Purpose : Data on the prevalence and incidence of corneal opacity (CO) are sparse in the United States. In this study, we performed a retrospective analysis of the electronic health record data to determine the epidemiology and associated demographic and clinical characteristics of CO using the American Academy of Ophthalmology’s IRIS® Registry (Intelligent Research in Sight).

Methods : The IRIS registry contains data of 45,261,877 individual patients with recorded eye clinic visits from January 1, 2013 to December 31, 2017. CO was identified by using International Classification of Disease (ICD) codes (ICD-9, and -10) of “371” (corneal scar) and “H17” (corneal opacity). The recorded demographic parameters included age and sex, and the clinical data included laterality, associated ICD codes, and best-corrected visual acuity (BCVA) before, during, and after onset of CO.

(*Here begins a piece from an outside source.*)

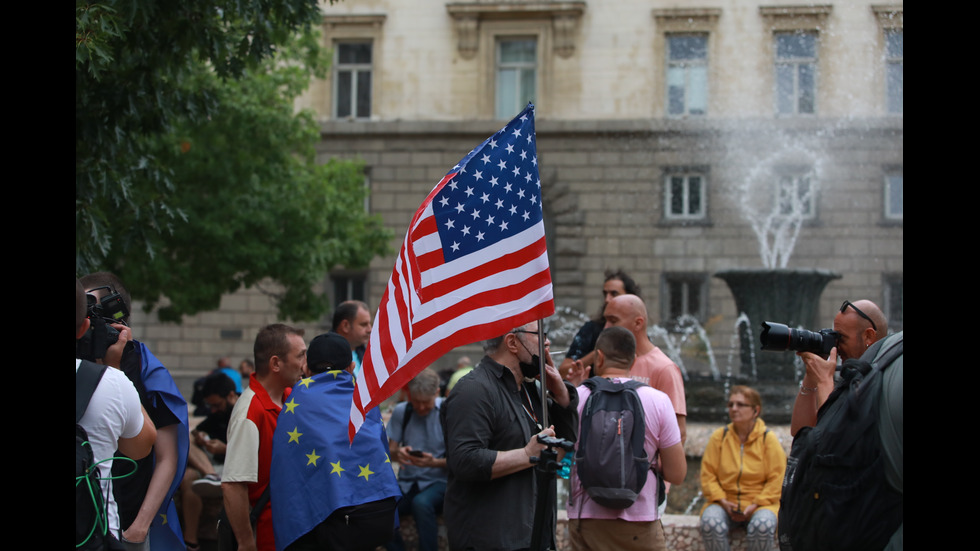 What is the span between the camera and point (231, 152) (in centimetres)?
1994

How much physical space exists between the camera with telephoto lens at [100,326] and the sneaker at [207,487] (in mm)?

Results : A total of 3,357,219 patients were identified with CO in one or both eyes. Among those patients, 111,809 patients had a new diagnosis of CO in 2017. The mean age of the cohort was 64.2±17.2 years and 56% of patients were female (p<0.001). In those with CO, 90.1% had unilateral involvement and 9.9% had bilateral involvement (p<0.001). The prevalence of CO increased with age and was highest among those over 65 (p<0.001). The most common corneal diagnoses associated with CO were corneal dystrophies, keratoconjunctivitis, keratitis, corneal degenerations and corneal injuries. The mean BCVA during and after onset of CO was 20/80 (p<0.001), and 20/41 respectively (p<0.001), compared to 20/36 before onset.

Conclusions : Using the IRIS Registry, we identified 3,357,219 patients diagnosed with corneal opacity. CO is mostly unilateral and leads to a decrease in the visual acuity of those affected.

This is a 2020 ARVO Annual Meeting abstract.